Naturaliser la police et la politique du colonisateur, autrement dit convertir, c'est à cette utopie tangible (pour autant que ces deux termes peuvent coexister) que cet exposé est consacré. Il a pour matière, non pas des textes d'imagination, mais des écrits pragmatiques : apologétiques, juridiques, épistolaires… qui sont l'expression d'une histoire bien réelle, celle du contact de la mission avec l'autre homme. Il souhaite illustrer l'idée, banale, que l'utopie, loin d'être un antimonde, représente, en réalité, la quintessence du monde topique. C'est ce qui sera vérifié ici dans l'environnement colonial en observant que ce que vise la religion, à travers un discours qui concerne l'au-delà, c'est une transformation sociale bien réelle, savoir l'adoption par les autochtones des mœurs du colonisateur : mariage monogamique, système de parenté, héritage vertical. Dans une conférence sur les idées de Gibbon (Daedalus, n° 105, 1976, p. 73-88 "Gibbon's Views on Culture and Society in the Fitfh and Sixth Centuries"), Peter Brown note : "The rise of the Christian church is the story of the rise to great power in this world of an institution whose basis was a claim to be interested only in the other world" ("L'essor de l'Église chrétienne est l'histoire de la réussite dans ce monde d'une institution bâtie sur l'allégation de ne s'intéresser qu'à l'autre monde" - p. 79). Il est plus simple de considérer que cette postulation deux fois millénaire n'est en rien une allégation et qu'en réalité le dogme chrétien, mythifiant l'organisation sociale (stratification, monogamie, travail…) en déplaçant son ingénierie dans le monde de l'au-delà, assume une fonction sociale bien réelle. C'est ce rapport d'expression qui sera analysé en mettant en évidence la cohérence de la mystique chrétienne en mission avec la sociologie des nations colonisatrices.

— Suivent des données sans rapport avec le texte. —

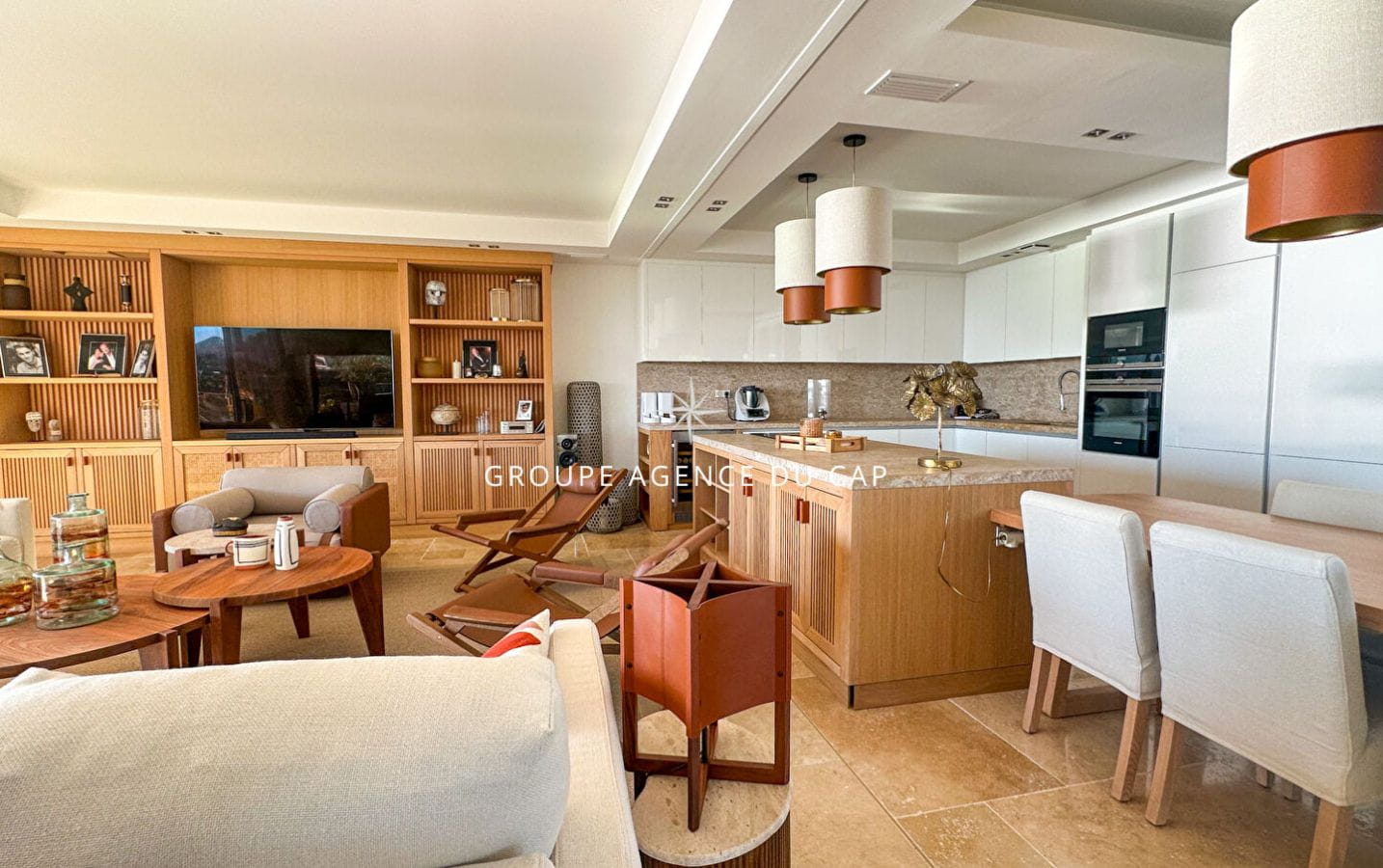 ROOF TOP APARTMENT 180M2 4 ROOMS 177M2 SEA VIEW, IN LES ISSAMBRES Image 4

Une remarque préalable : ce qui singularise immédiatement l'utopie missionnaire - u-topie dans le sens où le message chrétien parle d'un ailleurs, d'un non-lieu et non pas de ce monde topique, carrière de la vanité humaine - c'est son succès. Utopie réalisée, établissement d'un monde meilleur dans des pays « neufs », si elle reste utopie dans la mesure où l'effet social, ce qui est agi, n'est pas ce qui est représenté (démontrant l'utilité des utopies par cette possibilité de fléchir le réel par la fiction) il faut, à ce titre, la retirer de la liste canonique des utopies… Si l'utopie consiste, avec l'intention de créer ailleurs un idéal ici dénié, soit, en réalité, dans l'« exportation » des fondamentaux de la société dont l'utopie est issue, la diffusion planétaire du christianisme peut constituer un cas de figure de l'utopie réalisée digne de réflexion.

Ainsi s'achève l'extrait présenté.